Individual Apple Crumbles

HAPPY NEW YEAR

Why not upset the apple cart? If you don't, the apples will rot anyway. 
- Frank A. Clark 


The New Year is swiftly approaching, but before we pop the cork on that bottle of bubbly we still have the time to savor the last few days of this year, playing with the toys we have received from loved ones, putting up our feet and watching one more Christmas movie, the last slice of pie nabbed, plated and on our lap. We watch as the leftovers disappear from the fridge, never fast enough, although we know that all those plastic containers of turkey and relish, stuffing, salads and bûche de noël will save us from having to cook another meal quite yet. We sit in our favorite comfy chair and sigh contentedly, smiling at those who gather round us as we tiptoe towards January first and a new year. So just take a breath and, before we commit ourselves to those big, impossible resolutions, let’s have a little more cake and think it all through.


New Year’s Resolutions.

The time is once more upon us when we sit down and, pen and paper in hand, draw up that impossible list of resolutions, that endless list of promises to ourselves, promises rarely kept. This cold, cold month comes to a rousing, bubbly conclusion and as the end draws nigh something odd and inexplicable takes over us. All power of sensible thinking comes screeching to a halt and irrational thoughts flood our poor over-holidayed brain. All of those heavy meals and sweets must have made us delirious, intoxicated by one too many candy cane or marshmallow Santa. Maybe it was the days and days of stirring cookie dough, pushing heaping spoonful after heaping spoonful of the stuff onto innumerable cookie sheets and putting a tray in, pulling a tray out and replacing it with yet another tray of even more little mounds of cookie dough. Maybe it was all that sentimental “Good will towards men” stuff, all the presents that softened our hearts, all those Christmas specials and maudlin, wistful black and white holiday films that did the job. Spending time with beaming grandparents or too many giddy little kids, thoughts of jolly Old Saint Nick sliding down yet another chimney or all the dazzling, glittery candles and fairy lights that blinded us, the frivolity of the season and the festive preparations for New Year’s Eve made us go all wobbly and weak-kneed and completely lose all sense of reason. And in a moment of nostalgia and sanctimoniousness, of feel-good pluck, believing that anything is within our reach, we do it.
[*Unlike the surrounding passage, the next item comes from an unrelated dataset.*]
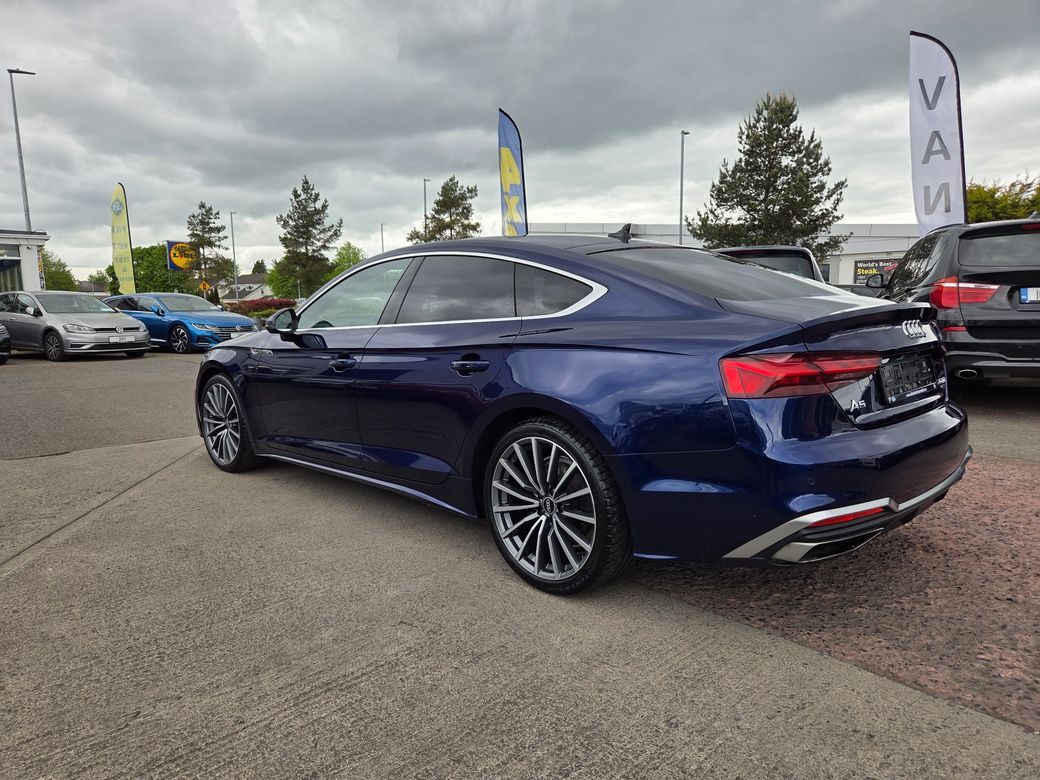 2021 Audi A5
We pull out pen and paper and begin the list.

Glancing over past lists, we shake our head in disbelief and wonder how we can, year after year, set the bar so high, pledging to ourselves and anyone within listening range that we will do this or that as if the simple act of turning over a page on the calendar will make us better, more determined, more resolute. And it usually comes to nothing. As the January days turn gray and dreary, as the lights are taken down and boxed back up, the feel-good holiday joy and frivolity slowly turns back into winter slump.

Comfort me with apples. 
- Song of Solomon 2:5 


New Beginnings.

Starting a new year is both exciting and scary, a time of reflection, thanks and wishes. We hope for great things yet are unsure of what it will bring. This year, I have decided not to try putting together a list of resolutions, no matter how reasonable, promises to myself, for I know that I am lazy and that, no matter the good intentions, I would much rather be baking.

I also know that very little will change my writer’s heart, my writer’s self-doubt, my writer’s emotions. I would love to tell myself that I will be more steadfast and focused, that I will work more quickly, that I will neither take myself nor the world around me so seriously nor allow myself the luxury of feeling low, hesitant, questioning my place in the world, measuring my own success and failure against others and always coming out behind.

I know that this will never change; I am who I am. And so I have decided to remind myself what I have earned in 2013, of the good things that have come to me. I will celebrate what I have received, the friends I have made, the people who have touched me with their love and encouragement and allow that to inspire my 2014. Instead of making claims to a future that does not yet exist in an attempt to change the way that I fundamentally am, I will look back as a way to influence my future actions, motivate my creativity, reassure myself of my road. And remind myself of all that I truly appreciate.

Fulfilling my passions, achieving my goals, inspiring others and allowing others to inspire and motivate me, creating new friendships, new partnerships, reinforcing the old. Wallowing in the love and laughter that fills our home while putting the troubles into perspective, taking them one day at a time. These are the building blocks of a new year.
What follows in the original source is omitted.